Initially I had them implement REST wrappers around Apache OpenNLP and SpaCy and then compare the results of random data sets (project Gutenberg, sharepoint, etc…).

I ended up stealing a grad data scientist because we couldn’t find a difference (while there was a difference in confidence, the actual matches were identical).

SpaCy required 1vCPU and 12GiB of RAM to produce the same result as OpenNLP that was running on 0.5 vCPU and 4.5 GiB of RAM.

2 grads were assigned a Spring Boot/Camel/OpenNLP stack and 2 a Spacy/Flask application. It took both groups 4 weeks to get a working result.

The team slowly acquired lockdown staff so I introduced Minio/RabbitMQ/Nifi/Hadoop/Express/React and then different file types (not raw UTF-8, but what about doc, pdf, etc…) for NLP pipelines. They built a fairly complex NLP processing system with a data exploration UI.

I figured I had a group to help me figure out Python best approach in the space, but Python limitations just lead to stuff like needing a Kubernetes volume to host data.

Conversely none of the data scientists we acquired were willing to code in anything but Python.

I tried arguing in my company of the time there was a huge unsolved bit of market there (e.g. MLOP’s)

Alas unless you can show profit on the first customer no business would invest. Which is why I am trying to start a business.

stevecrox@kbin.social · 2 years ago

This is why Java rocks with ETL, the language is built to access files via input/output streams.

It means you don’t need to download a local copy of a file, you can drop it into a data lake (S3, HDFS, etc…) and pass around a URI reference.

Considering the size of Large Language Models I really am surprised at how poor streaming is handled within Python.

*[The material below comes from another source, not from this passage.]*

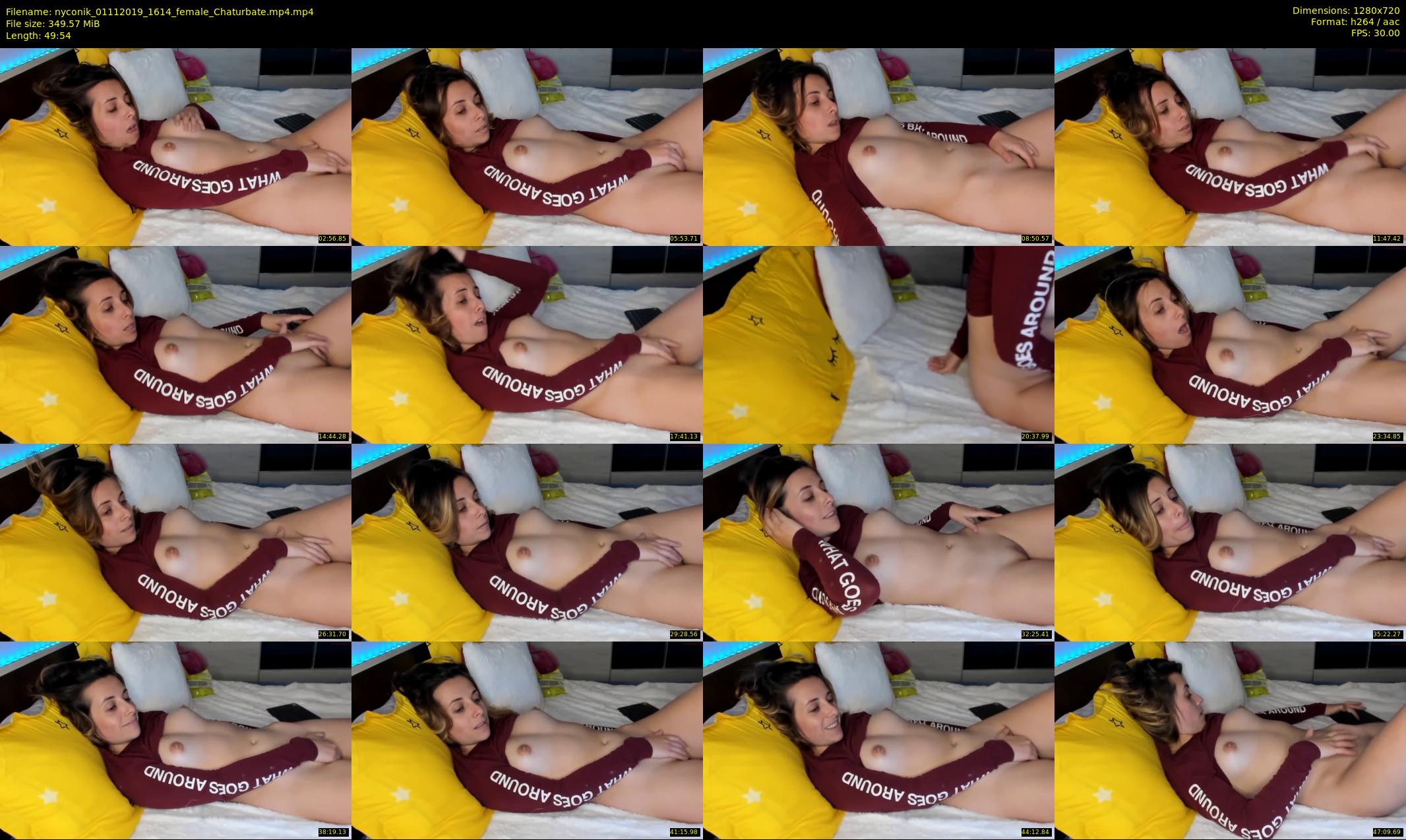 nyconik — 50 minute Chaturbate female cam show recording, 720p, Nov 1, 2019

stevecrox@kbin.social · edit-2 2 years ago

@ergoplato I didn’t suggest that.

Personally I don’t think its ego. I think you have two issues.

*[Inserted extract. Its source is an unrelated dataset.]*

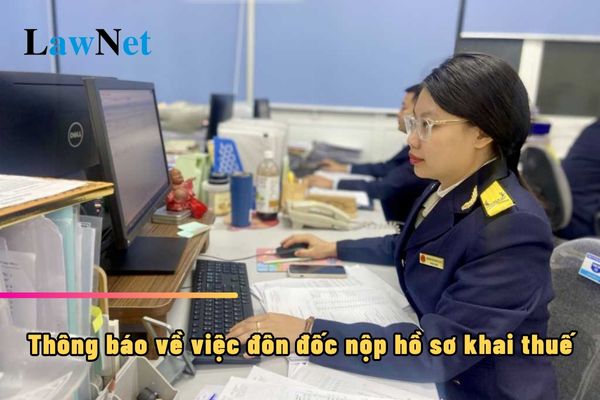 Mẫu 06/TB-TĐT Thông báo về việc đôn đốc nộp hồ sơ khai thuế ra sao?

The first is people go through stages learning DevOps. Stage 1 has people deploy a CI because its cool, they build a few basic pipelines and then 90% of people get bored. The 2nd stage is people start extending those pipelines, it results in really complex pipelines requiring lots of unique changes based on the opinion of the writer. You move to the 3rd stage when your asked to recreate/extend for a new project and realise how specific your solutions are.

Learning how to make minor tweaks and hook in a few key points to get what you want takes years. Without that most packagers will want to make big changes upstream which won’t go down well.

The second issue, I have met quite a few developers who become highly stressed when the build system is doing something they haven’t needed to do or understand.

A really simple example I have a Jenkins function which I tend to slip into release pipelines, it captures the release version and creates a version in Jira.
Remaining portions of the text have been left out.